___ EXTRACTED ENTRIES
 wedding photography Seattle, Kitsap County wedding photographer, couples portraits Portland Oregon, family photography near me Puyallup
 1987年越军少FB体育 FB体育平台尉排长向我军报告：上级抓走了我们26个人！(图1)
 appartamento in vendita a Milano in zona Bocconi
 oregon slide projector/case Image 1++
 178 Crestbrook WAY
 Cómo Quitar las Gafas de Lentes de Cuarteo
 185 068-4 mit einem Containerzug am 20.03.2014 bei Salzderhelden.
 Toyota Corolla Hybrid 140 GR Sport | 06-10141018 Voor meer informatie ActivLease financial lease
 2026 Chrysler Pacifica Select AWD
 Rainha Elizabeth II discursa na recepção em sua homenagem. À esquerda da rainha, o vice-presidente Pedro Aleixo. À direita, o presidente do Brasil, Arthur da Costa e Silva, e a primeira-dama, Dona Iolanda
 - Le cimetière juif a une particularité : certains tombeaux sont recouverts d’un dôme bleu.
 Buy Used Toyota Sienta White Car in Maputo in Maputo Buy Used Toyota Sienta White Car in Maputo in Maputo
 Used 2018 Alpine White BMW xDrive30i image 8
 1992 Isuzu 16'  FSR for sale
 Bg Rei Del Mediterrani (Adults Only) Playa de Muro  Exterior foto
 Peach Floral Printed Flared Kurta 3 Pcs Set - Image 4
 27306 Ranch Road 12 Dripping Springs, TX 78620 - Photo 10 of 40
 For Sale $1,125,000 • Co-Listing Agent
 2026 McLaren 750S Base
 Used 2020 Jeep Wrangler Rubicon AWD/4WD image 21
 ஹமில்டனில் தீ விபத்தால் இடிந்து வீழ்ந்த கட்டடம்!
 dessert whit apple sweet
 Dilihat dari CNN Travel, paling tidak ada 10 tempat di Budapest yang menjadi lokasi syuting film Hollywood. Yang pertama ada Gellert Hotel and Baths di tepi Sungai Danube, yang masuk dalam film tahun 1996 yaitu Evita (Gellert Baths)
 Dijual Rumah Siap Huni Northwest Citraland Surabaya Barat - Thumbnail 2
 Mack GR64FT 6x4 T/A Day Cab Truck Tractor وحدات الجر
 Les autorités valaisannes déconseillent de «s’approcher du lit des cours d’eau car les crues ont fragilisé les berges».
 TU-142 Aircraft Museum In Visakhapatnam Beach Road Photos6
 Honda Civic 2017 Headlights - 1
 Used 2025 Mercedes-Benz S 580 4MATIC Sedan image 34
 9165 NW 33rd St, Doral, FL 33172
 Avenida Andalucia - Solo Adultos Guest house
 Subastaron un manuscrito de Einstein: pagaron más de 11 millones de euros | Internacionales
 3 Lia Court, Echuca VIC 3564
______
▶ WORK INSTRUCTION
Tally the lines of the records above that contain the word "Used". Give only the total.

▶ TASK SOLUTION
4